Meanwhile, as for the fifteen percent of Bernie-istas who said in a recent poll that they would either vote for Trump, a two percent party, or no one at all, what are they smoking? Columnist Joe Klein calls them the dead-enders, comic and former Bernie supporter Sarah Silverman calls them the “ridiculous” Bernie-or-bust people, and I call them the left-wing equivalent of the right-wing Tea Party. They could also be called utopians, and not in a good way. In the same sense that Thomas More’s Utopia literally meant “nowhere,” Bernie himself spoke of “the real world” as a counterpoint to his most avid supporters who feel that they cannot dirty their hands or foul their souls by voting for Hillary, flawed as she may be. They seem to say that Hillary and the real world are imperfect, and thus depraved, and nothing short of utopia—nowhere—will do.
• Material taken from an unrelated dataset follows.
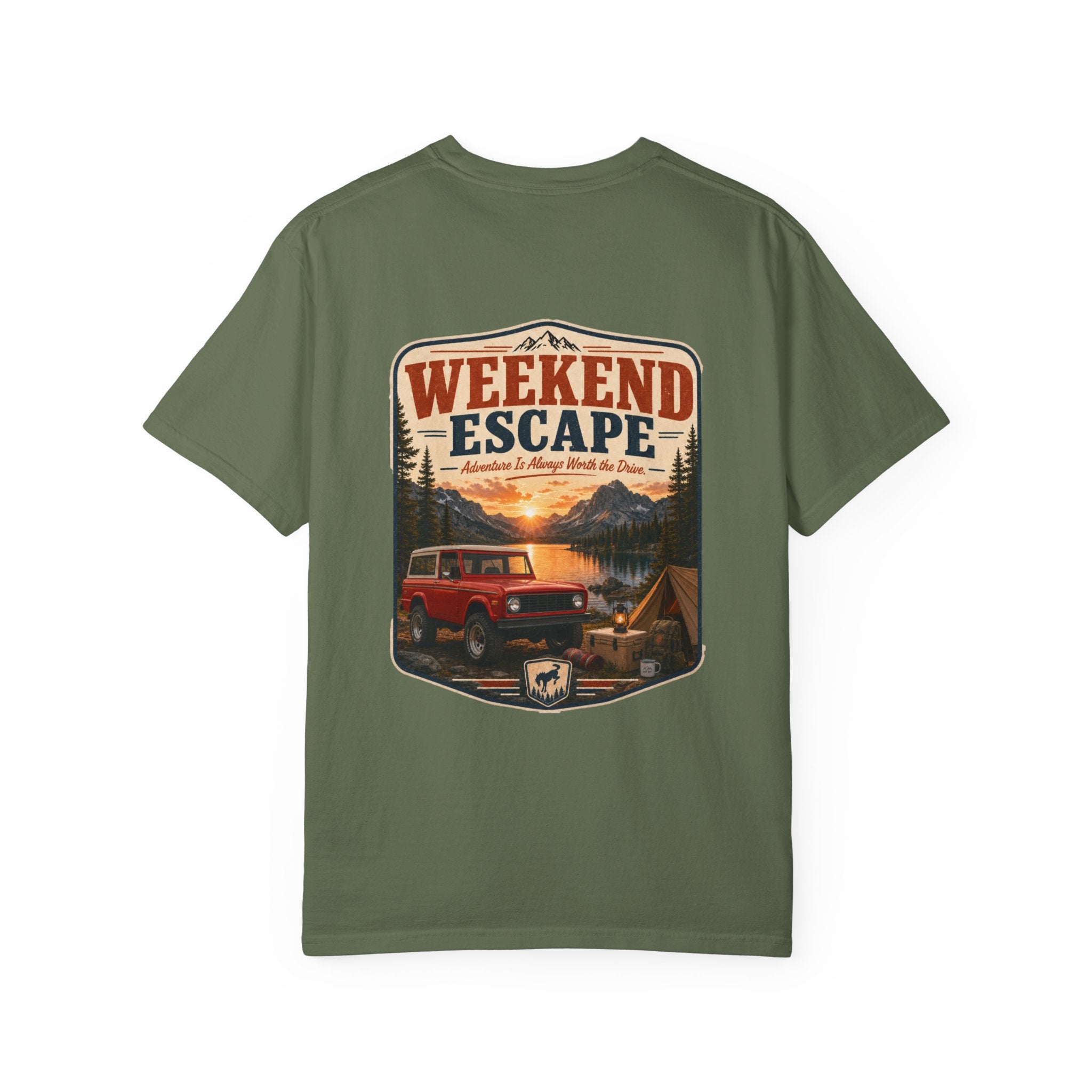 Weekend Escape Camping T-Shirt — Vintage Bronco & Campfire Adventure Tee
But if they choose to sit out the election, or throw away their vote on the two-percenters and zero electoral vote-getters Jill Stein or Gary Johnson, they might consider the consequences of their moral superiority. And a claim of neutrality, the pox-on-both-your-houses defense, won’t wash—they are helping Trump. The catchphrase from my college years, “if you’re not part of the solution, you’re part of the problem,” calls out the utopians. The pox-on-both-your-houses stand means you’re part of the problem.
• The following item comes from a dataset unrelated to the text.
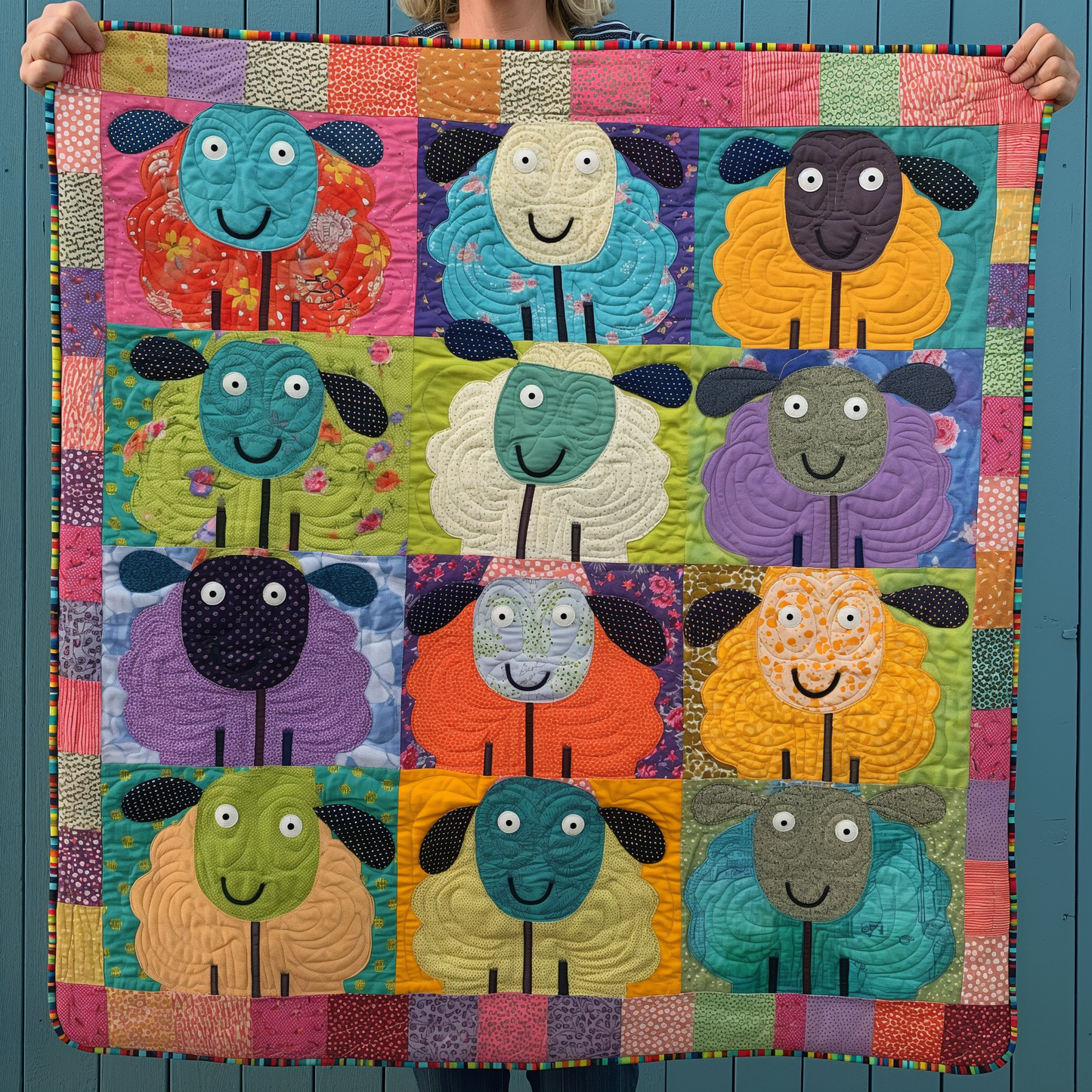 Colorful Pasture Sheep Quilted Blanket - Throw (55" x 60")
So, to the utopians, the dead-enders, the Bernie-or-busters, if you don’t vote and Trump is elected, don’t complain. If a Thomas- or Scalia-like hard-right conservative gets on the Supreme Court, don’t complain. If that court hands down decisions you don’t like on abortion, guns, gay rights, voting rights, Obamacare, or a multitude of other issues, don’t complain. If Trump embarrasses the country through his bombast and ignorance, don’t complain. If Trump becomes the arrogant, authoritarian ruler he has already shown signs of being (“I alone can fix it”), don’t complain. If a Republican congress passes objectionable laws that Hillary would have vetoed, don’t complain. If your hourly wages don’t go up, if women’s equality does not advance, if the Trump tax plan favoring people like himself is enacted, if a de-regulated Wall Street leads to another crash, if corporate welfare continues apace, if we get into military conflicts that diplomacy would have prevented, don’t complain. If a hyper-sensitive President Trump uses the bully pulpit to denigrate or otherwise punish private citizens such as journalists who offend him, don’t complain. And, just one more, if a President Trump continues to view man-made climate change as a Chinese “hoax,” don’t complain.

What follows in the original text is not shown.